<<<<

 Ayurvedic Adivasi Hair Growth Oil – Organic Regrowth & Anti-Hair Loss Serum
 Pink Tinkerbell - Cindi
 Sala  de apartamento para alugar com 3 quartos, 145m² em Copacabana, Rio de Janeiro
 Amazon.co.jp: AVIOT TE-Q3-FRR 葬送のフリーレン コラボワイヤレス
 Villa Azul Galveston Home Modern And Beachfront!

>>>>
<<<<

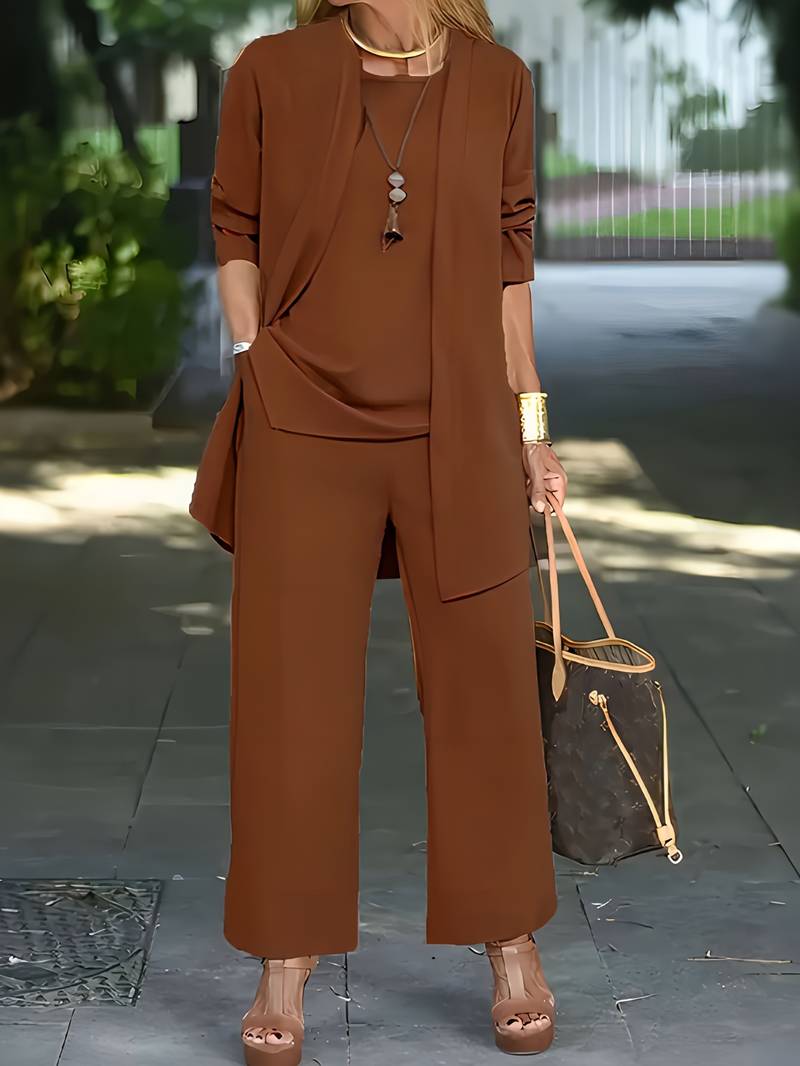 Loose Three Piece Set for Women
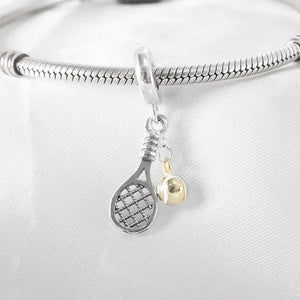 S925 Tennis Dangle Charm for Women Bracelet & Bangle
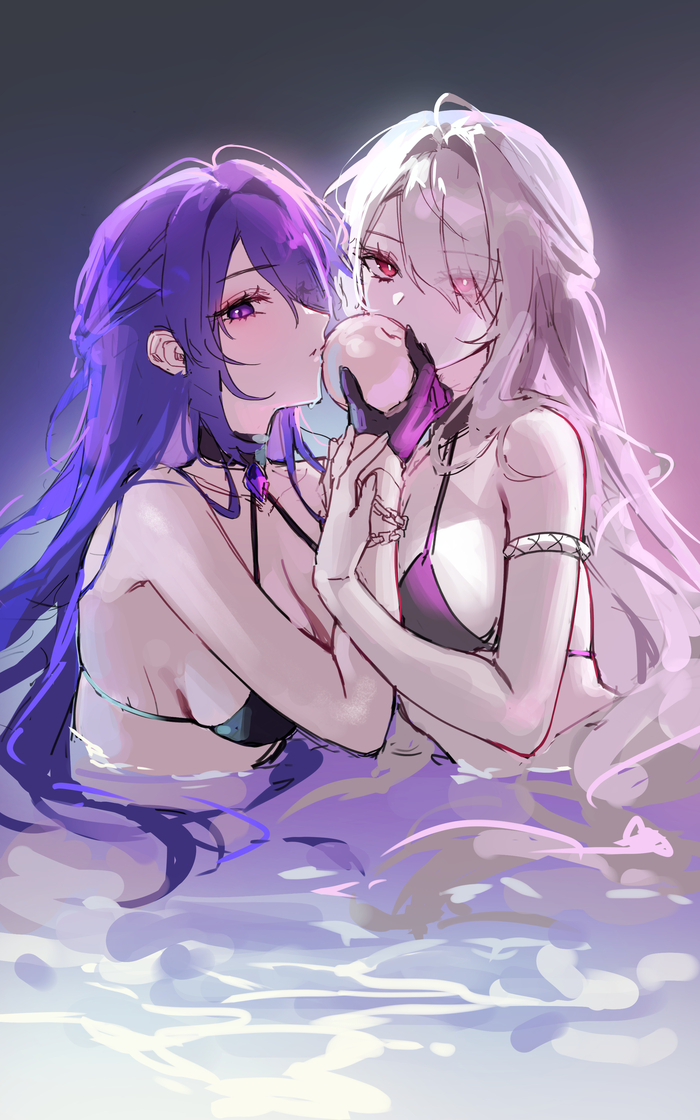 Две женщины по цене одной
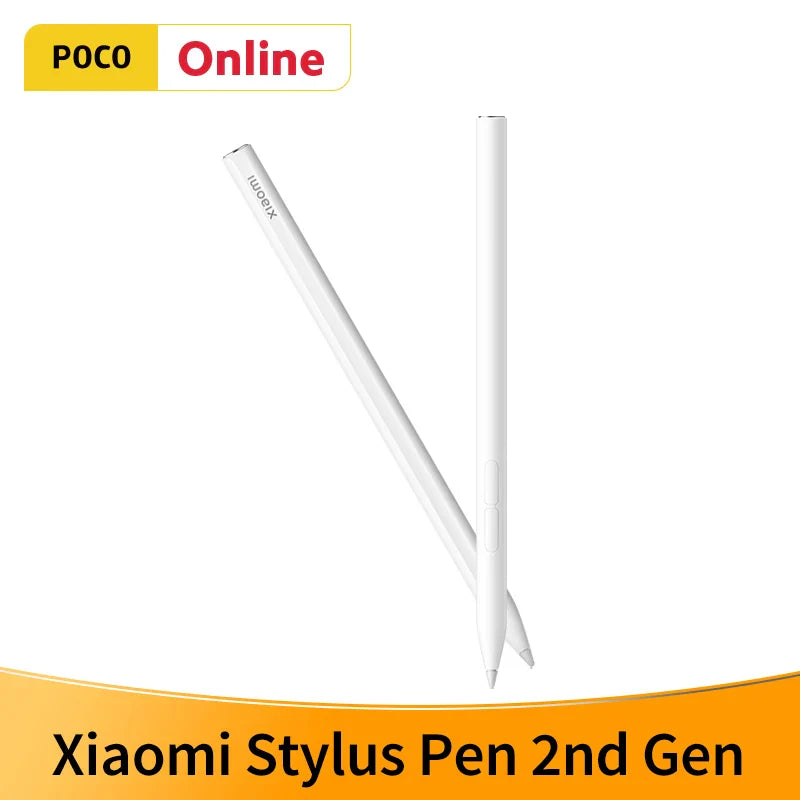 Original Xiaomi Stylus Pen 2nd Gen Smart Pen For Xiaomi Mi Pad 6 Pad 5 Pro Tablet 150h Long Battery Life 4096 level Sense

>>>>
<<<<

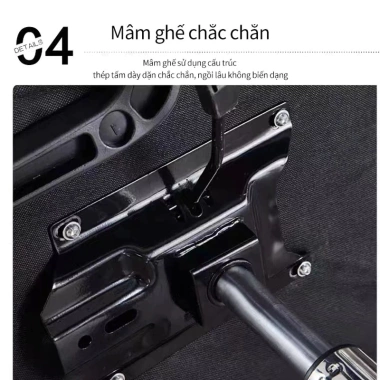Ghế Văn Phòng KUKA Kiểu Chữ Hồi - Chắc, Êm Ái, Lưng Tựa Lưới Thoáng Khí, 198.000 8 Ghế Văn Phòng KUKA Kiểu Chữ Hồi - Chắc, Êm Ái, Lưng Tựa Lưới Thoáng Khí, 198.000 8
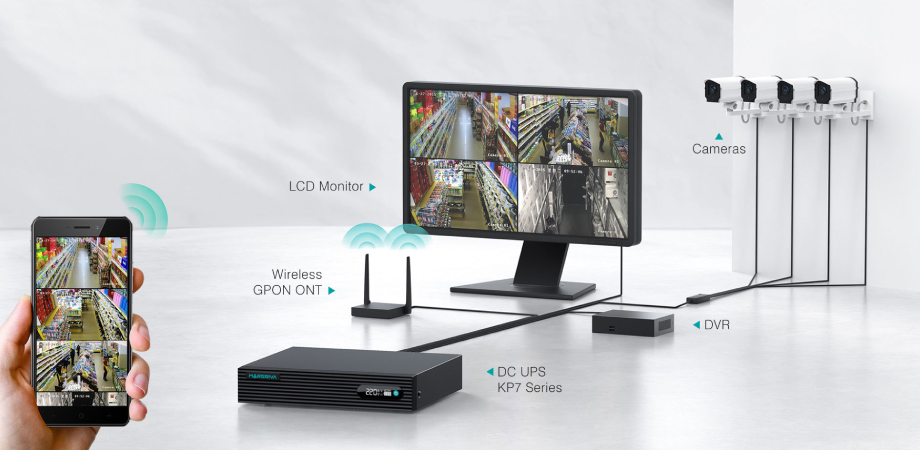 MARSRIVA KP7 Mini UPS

>>>>

### What to work on:
The exact lines of the material above starting at the one that contains "Ayurvedic Adivasi Hair" and ending at the one that contains "Villa Azul Galveston" are what to retype; leave out everything else.

### Result of the exercise:
 Ayurvedic Adivasi Hair Growth Oil – Organic Regrowth & Anti-Hair Loss Serum
 Pink Tinkerbell - Cindi
 Sala  de apartamento para alugar com 3 quartos, 145m² em Copacabana, Rio de Janeiro
 Amazon.co.jp: AVIOT TE-Q3-FRR 葬送のフリーレン コラボワイヤレス
 Villa Azul Galveston Home Modern And Beachfront!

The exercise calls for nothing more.